Task objective:
Two lines in the data below mark the range: the one with "Used 2024 Nissan Altima 2.5 SL image 5" and the one with "Bedroom - 19924". Return both, along with every line between them, exactly.

Information provided:
* * *
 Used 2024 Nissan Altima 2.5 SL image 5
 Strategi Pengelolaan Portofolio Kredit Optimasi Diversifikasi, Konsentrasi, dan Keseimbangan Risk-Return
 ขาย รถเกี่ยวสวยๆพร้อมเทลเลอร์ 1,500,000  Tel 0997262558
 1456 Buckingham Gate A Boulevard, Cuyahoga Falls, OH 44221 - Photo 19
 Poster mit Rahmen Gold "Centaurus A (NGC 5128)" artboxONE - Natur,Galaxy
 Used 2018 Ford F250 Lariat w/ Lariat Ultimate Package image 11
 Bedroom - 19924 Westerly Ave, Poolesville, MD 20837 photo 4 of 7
* * *
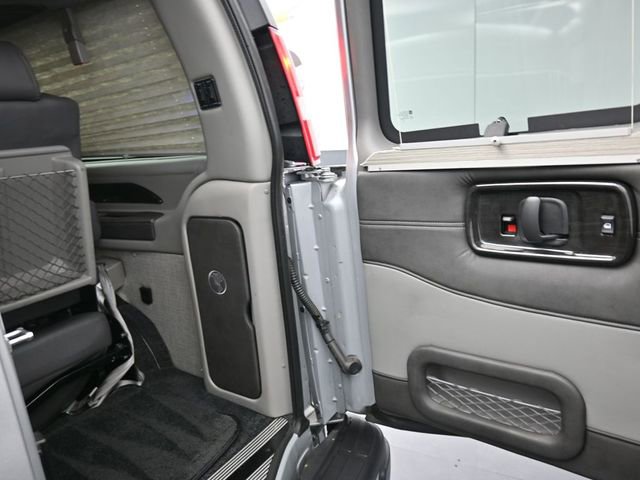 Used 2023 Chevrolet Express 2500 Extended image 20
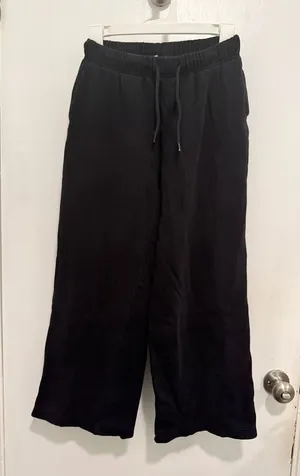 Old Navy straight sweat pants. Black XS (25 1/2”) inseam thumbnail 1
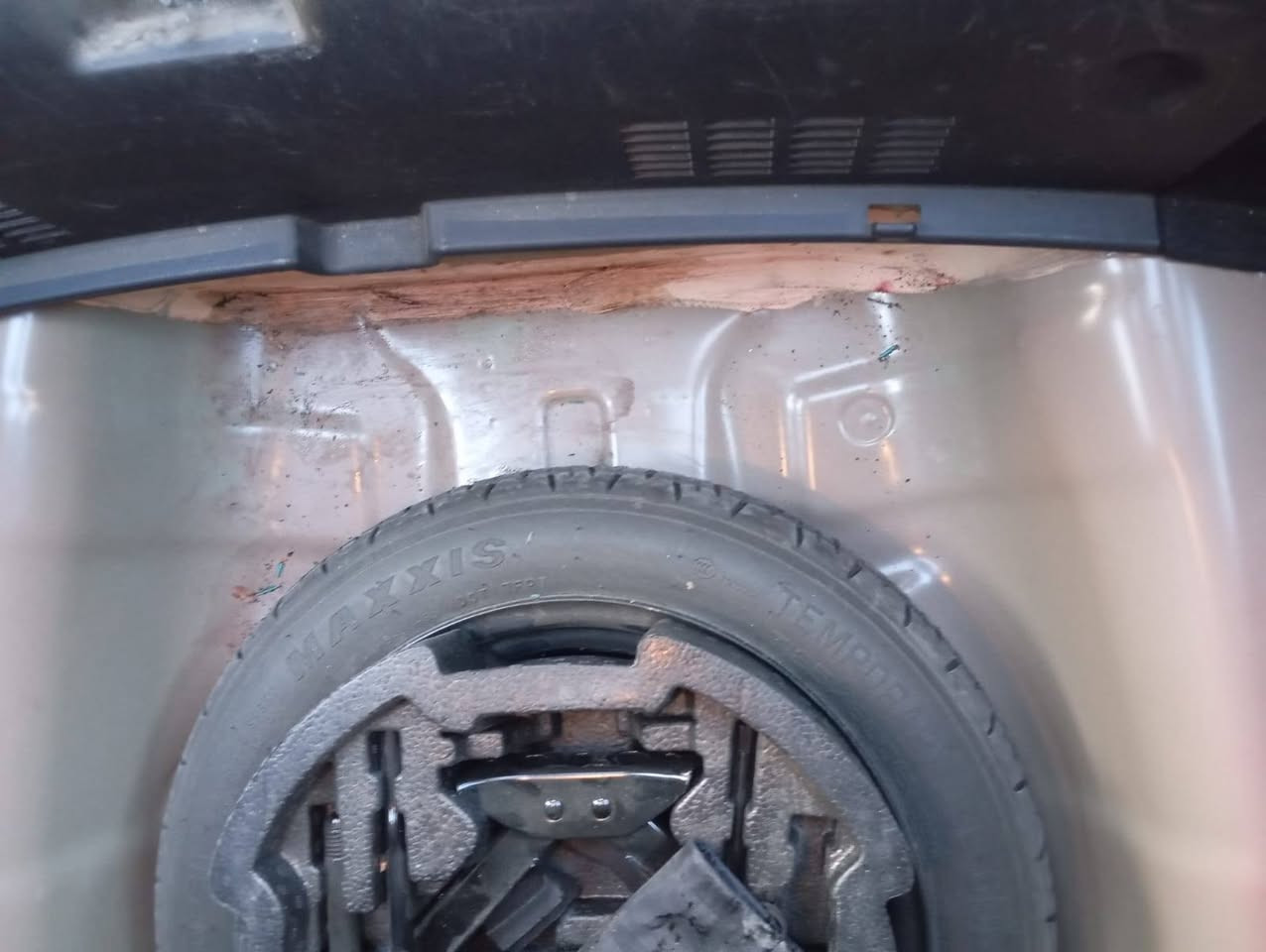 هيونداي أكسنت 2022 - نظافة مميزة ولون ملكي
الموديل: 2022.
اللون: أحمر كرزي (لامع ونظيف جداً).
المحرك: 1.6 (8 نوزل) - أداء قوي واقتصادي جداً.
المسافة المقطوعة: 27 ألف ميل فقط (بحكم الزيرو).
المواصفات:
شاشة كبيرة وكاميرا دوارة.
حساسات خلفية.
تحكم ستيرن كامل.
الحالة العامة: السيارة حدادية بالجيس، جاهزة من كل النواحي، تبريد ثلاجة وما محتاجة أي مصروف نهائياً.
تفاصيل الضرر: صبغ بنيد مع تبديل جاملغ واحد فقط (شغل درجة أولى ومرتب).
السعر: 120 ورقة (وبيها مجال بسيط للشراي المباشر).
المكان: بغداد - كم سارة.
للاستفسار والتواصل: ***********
* * *
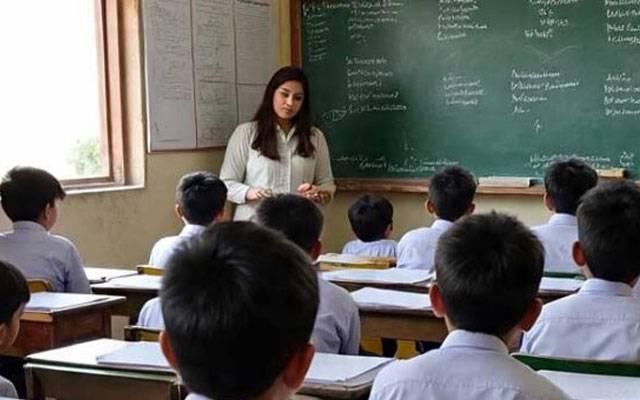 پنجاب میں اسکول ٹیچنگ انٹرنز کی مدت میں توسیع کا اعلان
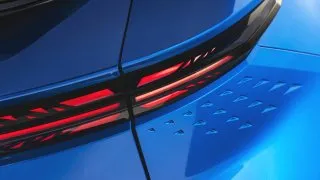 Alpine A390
* * *
Answer section:
 Used 2024 Nissan Altima 2.5 SL image 5
 Strategi Pengelolaan Portofolio Kredit Optimasi Diversifikasi, Konsentrasi, dan Keseimbangan Risk-Return
 ขาย รถเกี่ยวสวยๆพร้อมเทลเลอร์ 1,500,000  Tel 0997262558
 1456 Buckingham Gate A Boulevard, Cuyahoga Falls, OH 44221 - Photo 19
 Poster mit Rahmen Gold "Centaurus A (NGC 5128)" artboxONE - Natur,Galaxy
 Used 2018 Ford F250 Lariat w/ Lariat Ultimate Package image 11
 Bedroom - 19924 Westerly Ave, Poolesville, MD 20837 photo 4 of 7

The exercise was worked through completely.